(DATA EXTRACTS)

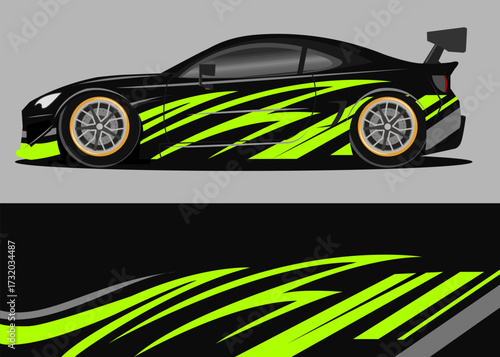 car wrap design premium with green abstract theme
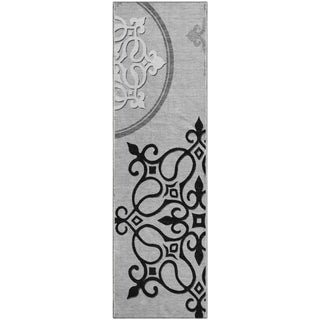 Piper Looms Mayfield Scrolls AMF874 Gray Machine Washable Area Rug Runner Main Image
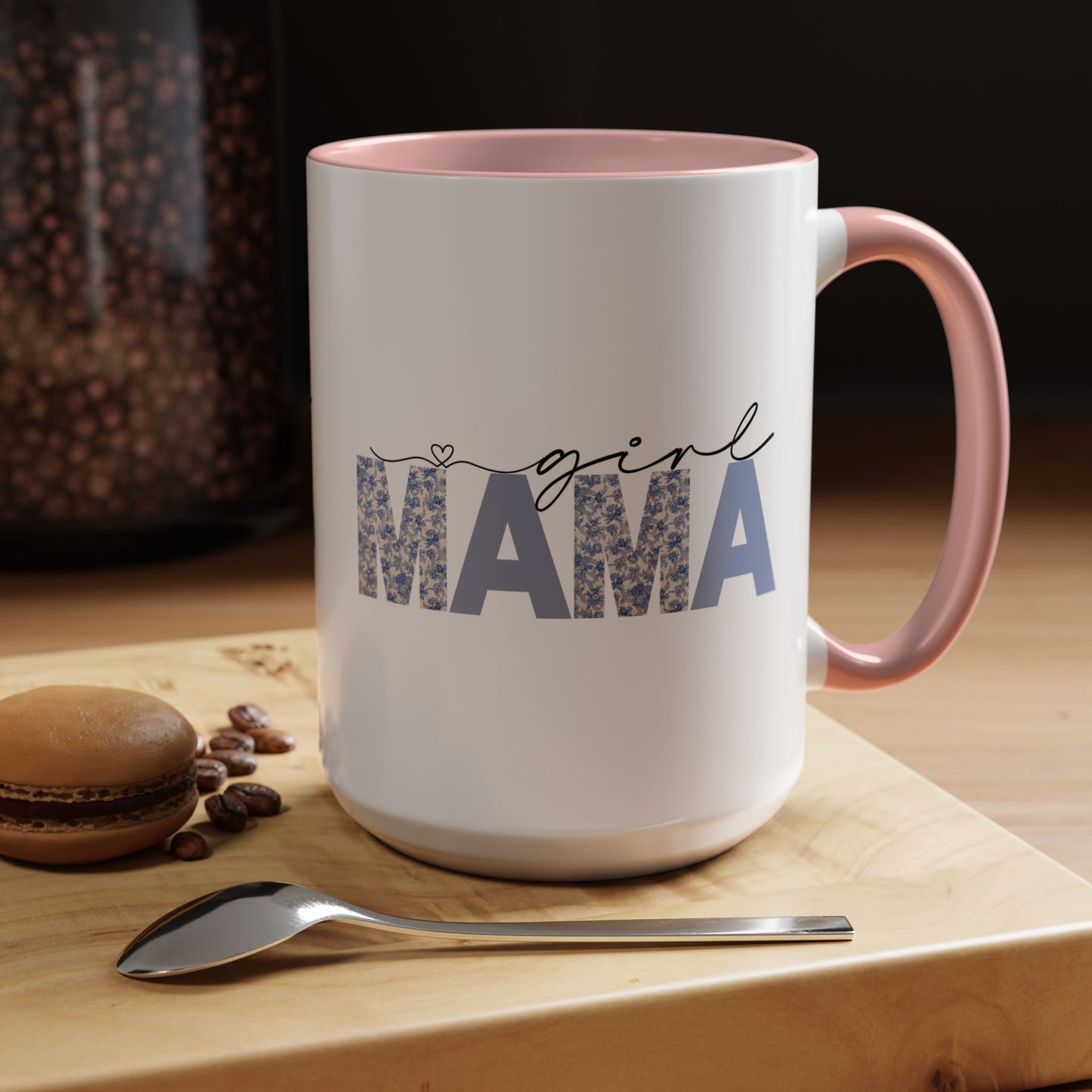 Girl Mama Floral Heart Mug | Cute Mom Life Coffee Cup, Perfect Gift for Mothers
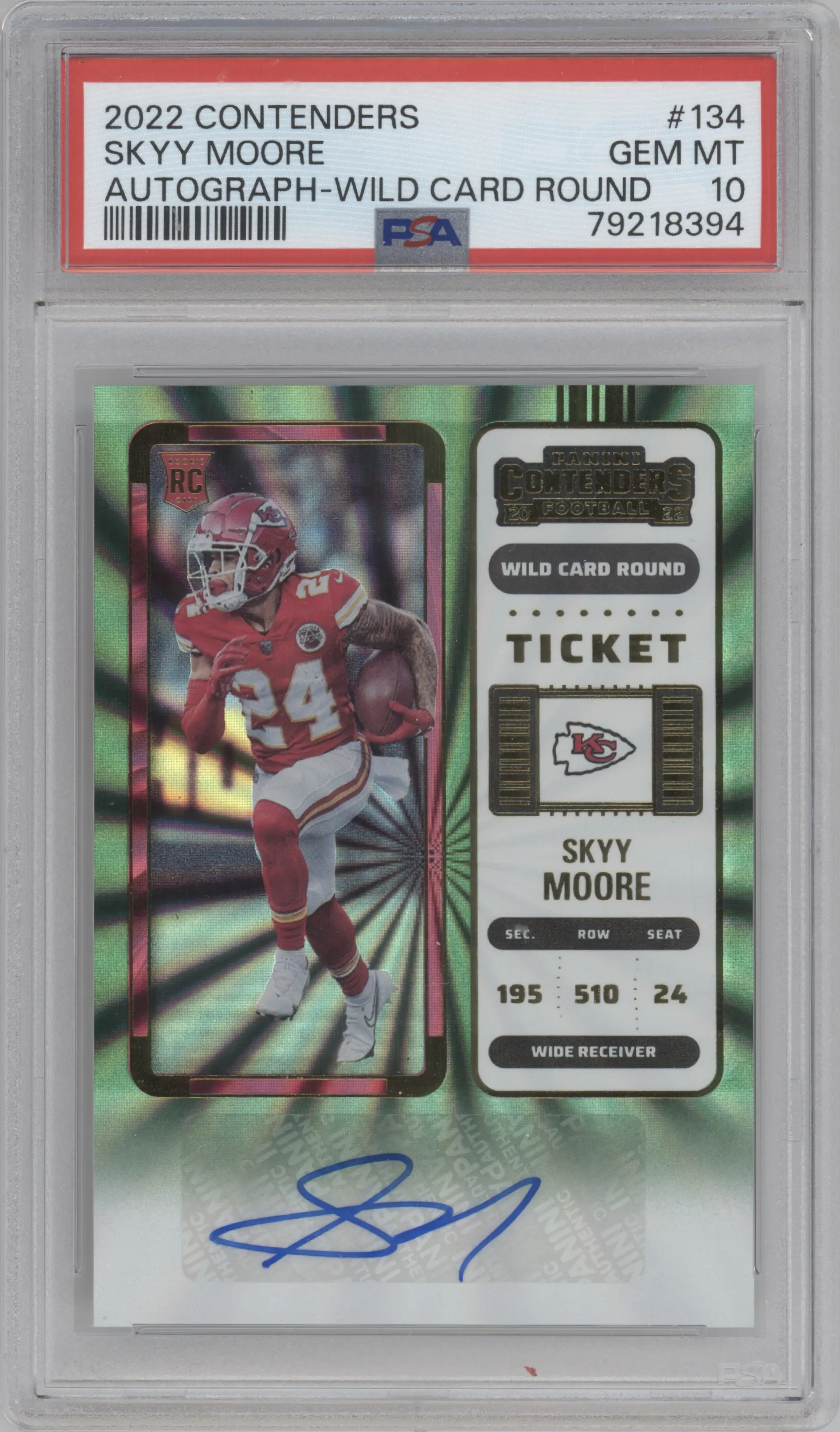 2022 Panini Contenders Rke.Tkt.Auto Skyy Moore Wild Card Round PSA 10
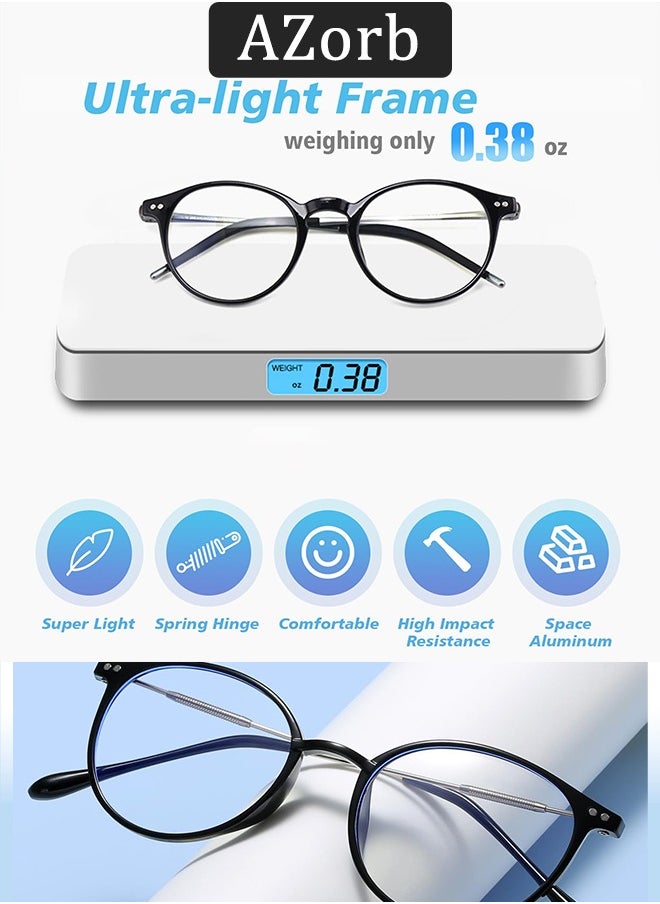 AZorb Blue Light Glasses for Women Men Round Lightweight Eyeglasses Oval Eyewear Glasses Anti Blue Light Blocking Eye Glasses for Reading Gaming Computer Anti Radiation UV Ladies Eyeglass Clear  - Image 3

(End DATA EXTRACTS)

### THE TASK
Omit the pictures, then extract verbatim only those lines that fall between the line containing "Piper Looms Mayfield" and the final line of the records above, both included.

### TASK ANSWER
 Piper Looms Mayfield Scrolls AMF874 Gray Machine Washable Area Rug Runner Main Image
 Girl Mama Floral Heart Mug | Cute Mom Life Coffee Cup, Perfect Gift for Mothers
 2022 Panini Contenders Rke.Tkt.Auto Skyy Moore Wild Card Round PSA 10
 AZorb Blue Light Glasses for Women Men Round Lightweight Eyeglasses Oval Eyewear Glasses Anti Blue Light Blocking Eye Glasses for Reading Gaming Computer Anti Radiation UV Ladies Eyeglass Clear  - Image 3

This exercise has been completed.